The Museum has recently been kindly donated, what can be described as a time capsule; in this case a blue wallet with the RAC crest containing receipts, tickets, a café napkin, a dashboard sticker showing international road signs and a whole heap of other ephemera relating to a trip taken by the Murdoch family of Yeovil to France and Belgium in June, 1960.

Here is an unused GB plate and a pair of transparent yellow discs – remember when French cars had yellow headlights – and a bill from the nouvel-hotel in Soissons for F78.75 – about £15.75t – which paid for two rooms, breakfast and a three course meal.

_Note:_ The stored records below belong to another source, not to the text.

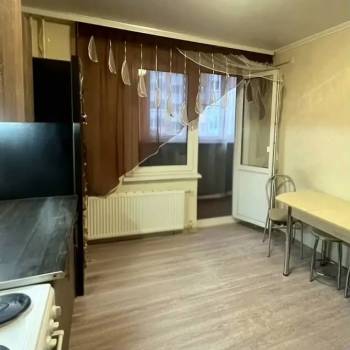 Продается 2-х комнатная квартира, 54 м²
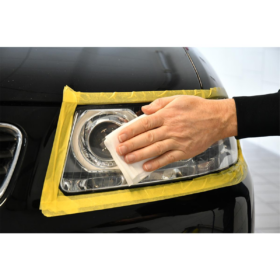 Keraamiline kaitse autotuledele SONAX PROFILINE Headlight Protection 10 × 5 ml - Pilt 3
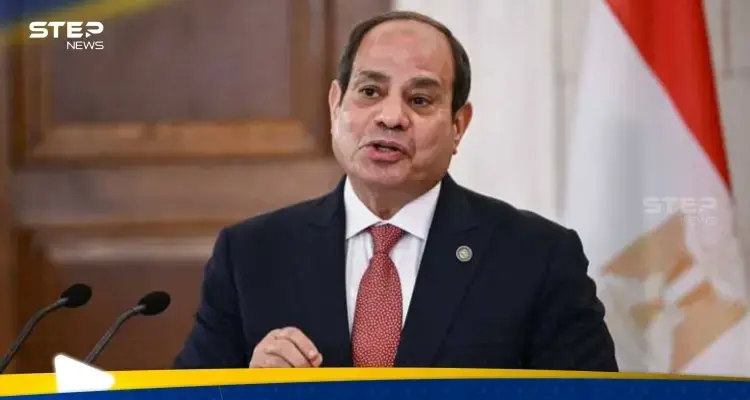 السيسي يوجه رسالة دعم للدول العربية.. إليك ما جاء فيه: أخبار
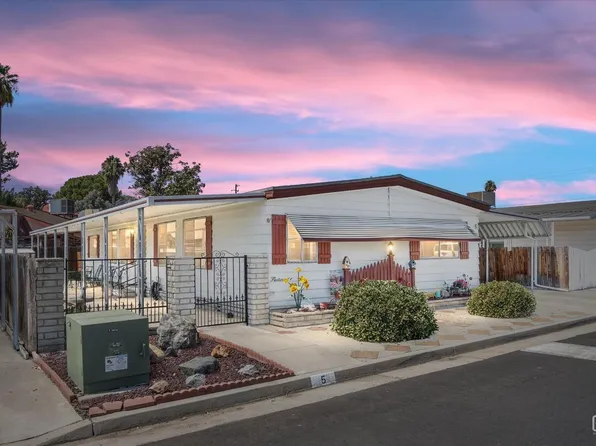 400 E Roberts Ln #5, Bakersfield, CA 93308
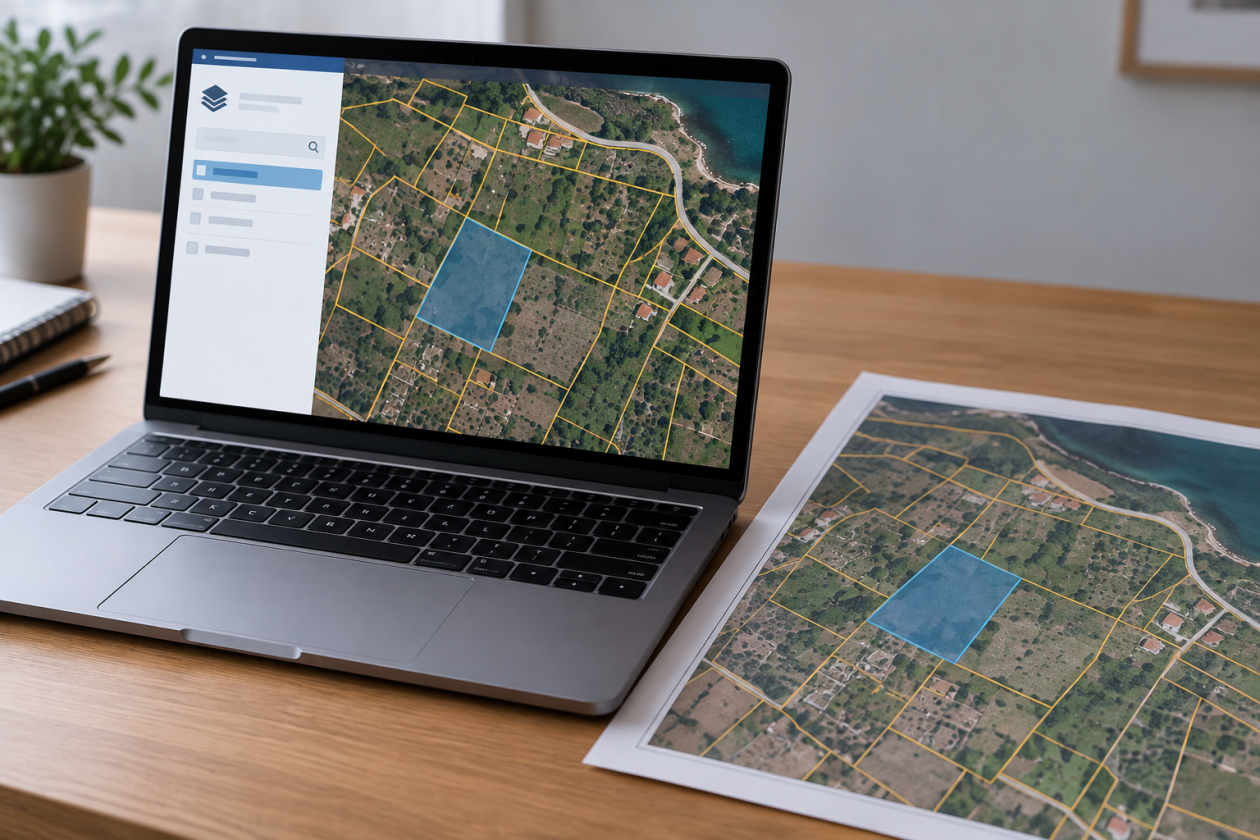 LAND REGISTRY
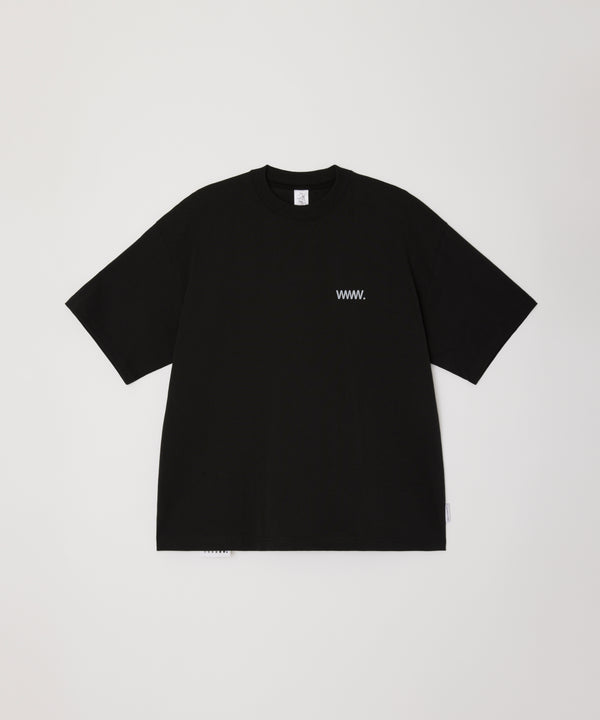 Nigh State T-shirts /Desigened by kamikene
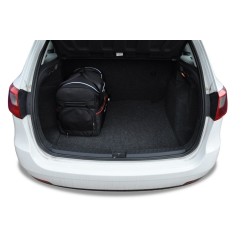 Kjust Car Bags Set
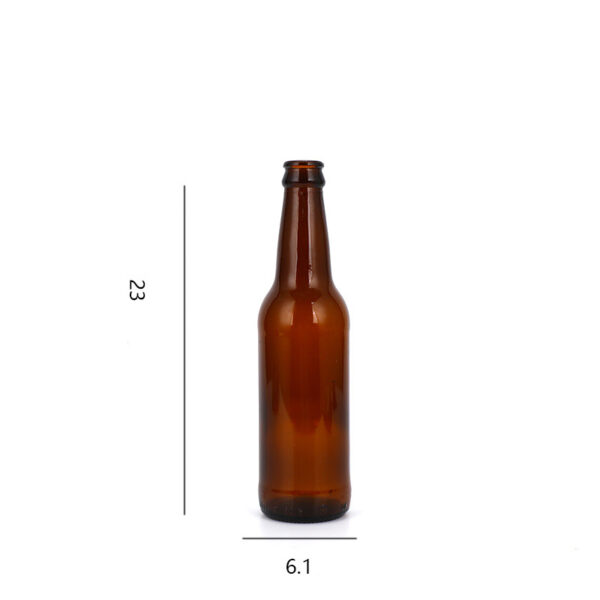 beer bottle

Fascinating though this is, the real poignancy of these items is why Mr Murdoch, Managing Director of a Yeovil garage, loaded his family into his Vauxhall Victor and made the journey from Yeovil to Soissons and Tournai. This story begins twenty years earlier when the 19 year old William Murdoch was a Wop/AG – a wireless operator/air gunner in a Bristol Blenheim IV light bomber of the RAF’s 59 Squadron, part of the Advanced Air Striking Force and based at Poix in northern France.

On May 18th, 1940, Mr Murdoch and his crew were on a reconnaissance flight to investigate enemy armour breaking through in the area of Gembloux in southern Belgium when they were hit by ground fire and forced to crash land. The pilot, Pilot Officer Durie and the observer, Sergeant Burns, were both killed, but Mr Murdoch managed to extricate himself from the wreckage and, after a series of adventures, was evacuated from Dunkirk before France fell.

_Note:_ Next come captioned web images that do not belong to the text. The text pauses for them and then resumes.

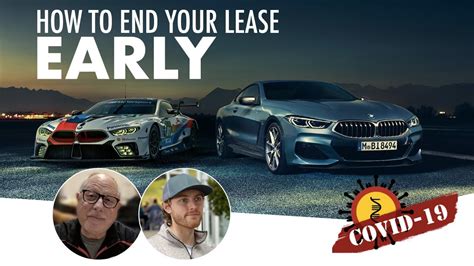 How To End Your Car Lease Early Explained By A Car Dealer Youtube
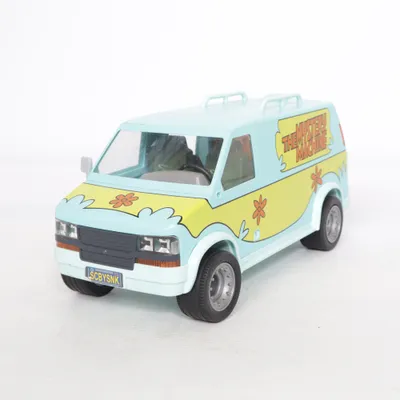 Legetøjsbil (Blå, Grøn, Flerfarvet) fra Playmobil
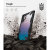 Ringke Fusion X Samsung Galaxy Note 10 Plus Hülle – Schwarz 5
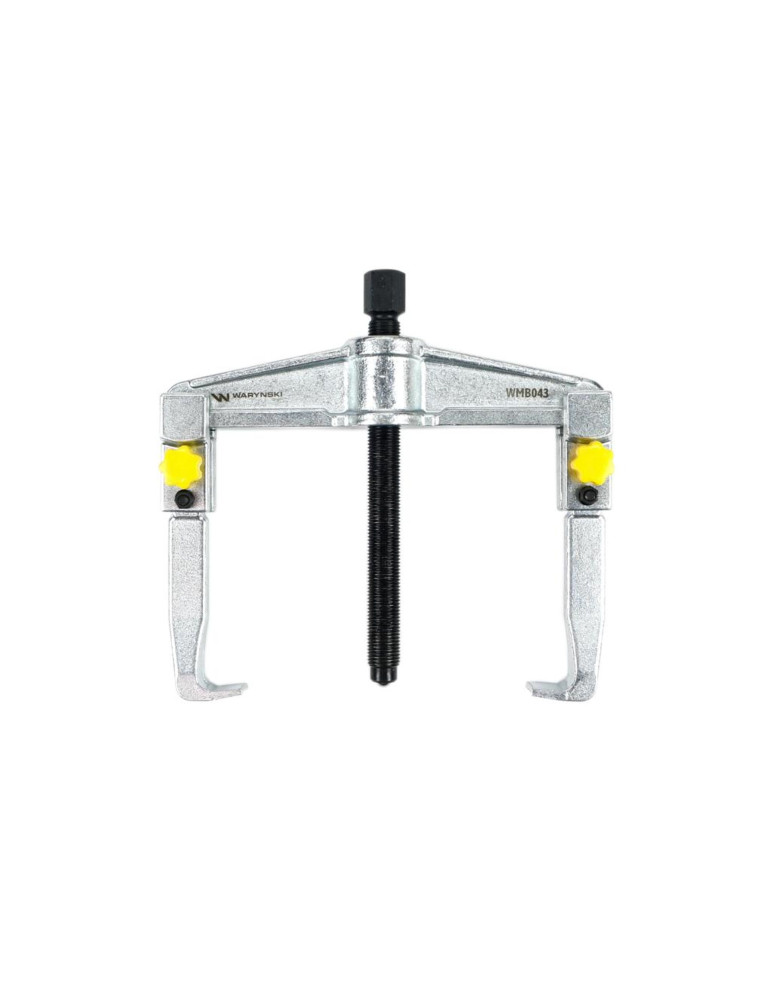 ŚCIĄGACZ 2-RAM.TYP T 120-270 
WMB043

Twenty years after the event, Mr Murdoch felt the need to revisit the crash site and the graves of his comrades. This proved a little more difficult than expected as the landscape had changed – a windmill and a convent had both disappeared – but with the aid of a local farmer, the crash site was identified and visited, along with the graves of the other crew in Tournai cemetery.

Thus concluded a trip rather different from the usual continental holiday, but which is still fondly remembered by Andrew Murdoch, son of William, who has donated these items to the Museum's archive.